Bari Först Leydi deseydiniz(!). Bir kelime İngilizce olduğu gibi öteki Türkçe okunduğu gibi... Bunu bazıları anlasa da, geri kalanlar ne olacak? Başkan eşlerini herkesin anlayacağı bir şekilde tanımlayın. Bu tür yanlışlıklara asla örnek olmamanızı, doğru dil kullanmanızı diliyorum...'
'Zamanımız çalınıyor'
Yüksel Güngör, artık her büyük gazetenin ve SABAH'ın web sitesinde normal uygulama haline gelen bir konuyu gündeme taşımış.
İnternet servisi yetkililerini adres alan notunu çok az kısaltarak herkesle paylaşıyorum: "İnternet'te haberlere ve ihtiyaçlara hızlı ulaşmanın keyfini çıkaralım derken genellikle suiistimalle karşı karşıya kalıyoruz.
Haberi okuyalım hevesiyle 30-50 kez de tıklama yaptırtılarak sinirlerimiz bozuluyor.
İstediğimiz bilgiyi alamıyoruz.
Mesela 'Hangi balık ne zaman yenir' haber başlığında 32 kez tıklama yaptım ama aradığım habere ulaşamadım.
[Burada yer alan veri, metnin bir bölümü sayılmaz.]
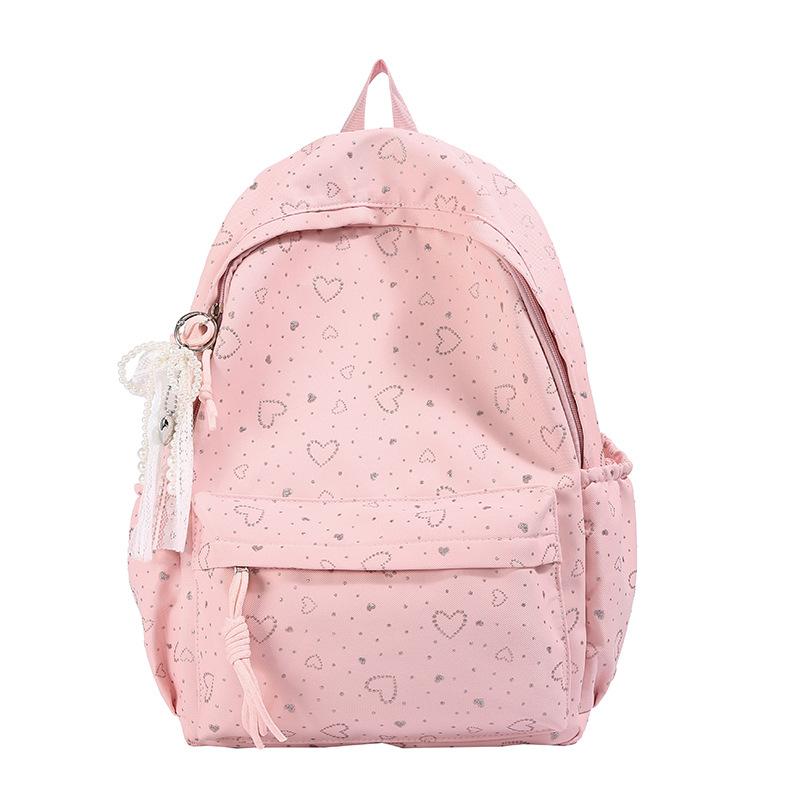 Schoolbag: lightweight, versatile, cute new loving large-capacity backpack for school, sweet for school, suitable for elementary, middle, and high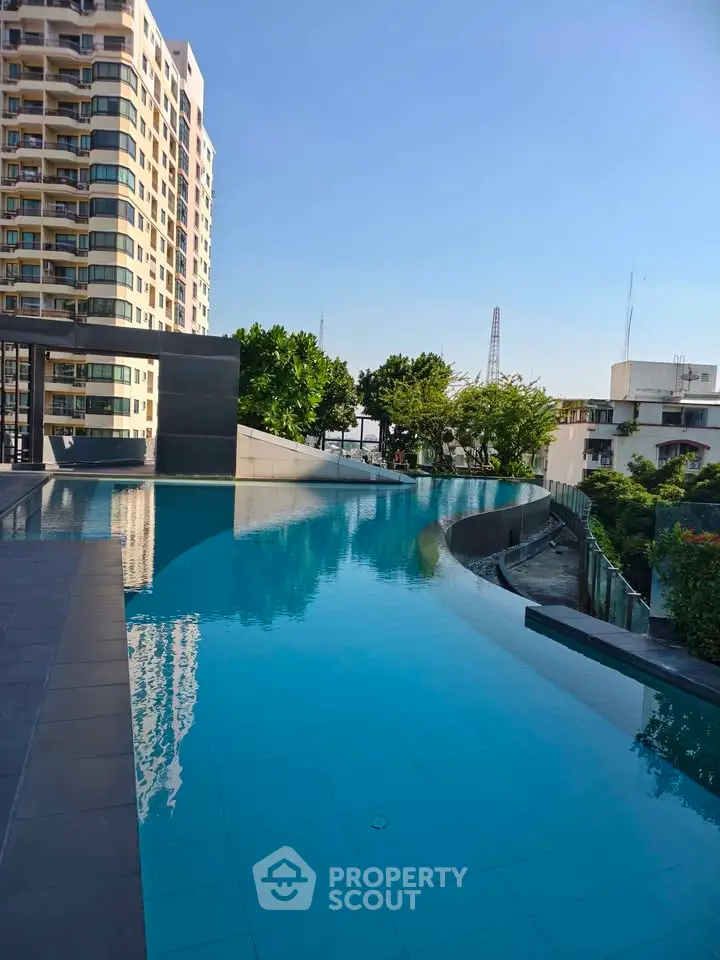 Luxurious rooftop infinity pool with stunning city views in modern high-rise building.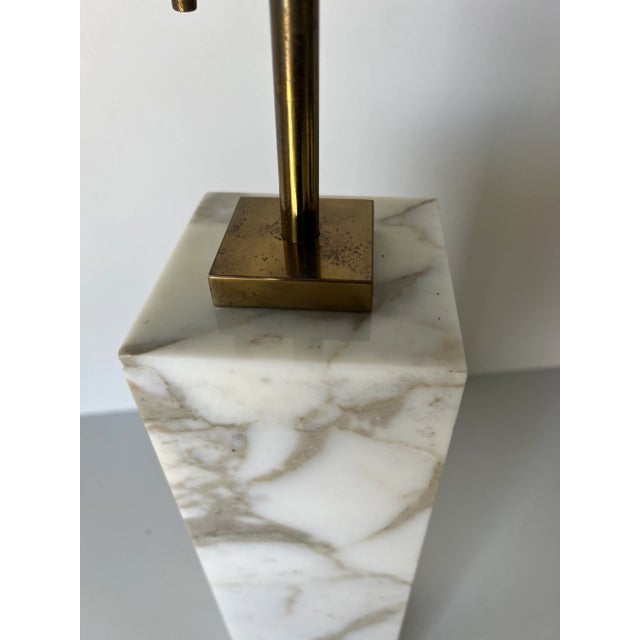 1950s T H Robsjohn Gibbings Marble Table Lamp by Hansen Lighting For Sale - Image 9 of 13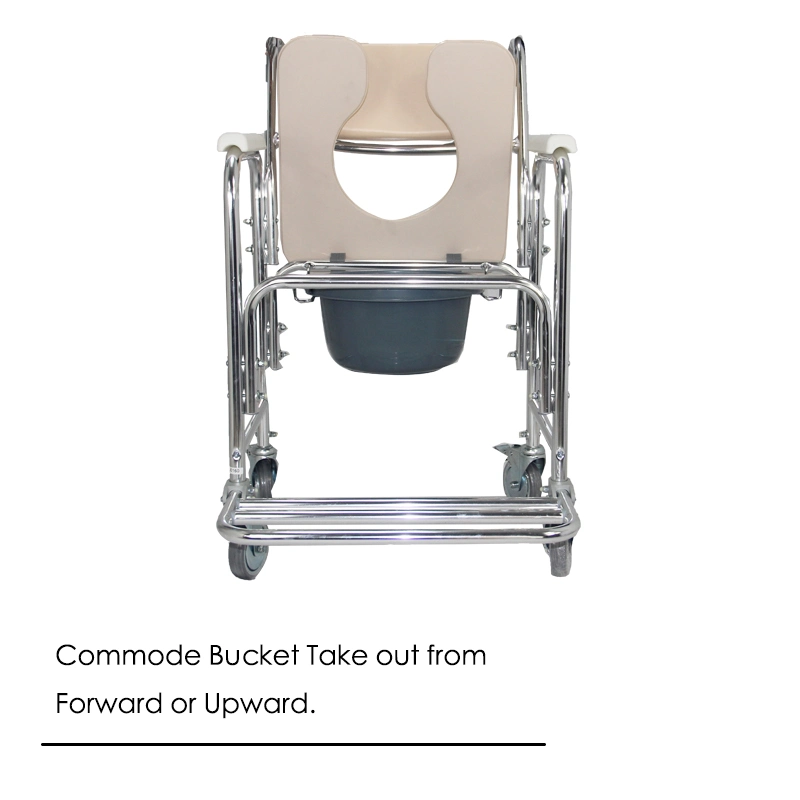 Mn-Dby003 Medical Equipment Aluminum Alloy Shower Toilet Chairs for Elderly Commode Chair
Kandırıldığımı, aptal yerine konulduğumu düşünüyorum. Bazen bir haber çıkıyor, içinde 20-30 tane küçük resim oluyor, her resim altında 1 ya da 2 satır yazı oluyor, ama öğrenmek için 20-30 kez tıklama yapmamız gerekiyor.
Gazetecilikten, sorumluluktan, etikten bahsedersek, bu tür hataların ne mazereti olabilir ne de kabul edilebilirliği. Sabah gibi bir gazetenin ve çalışanlarının bu tür hataları, tıklama oyunları yapmaları hiç hoş değil.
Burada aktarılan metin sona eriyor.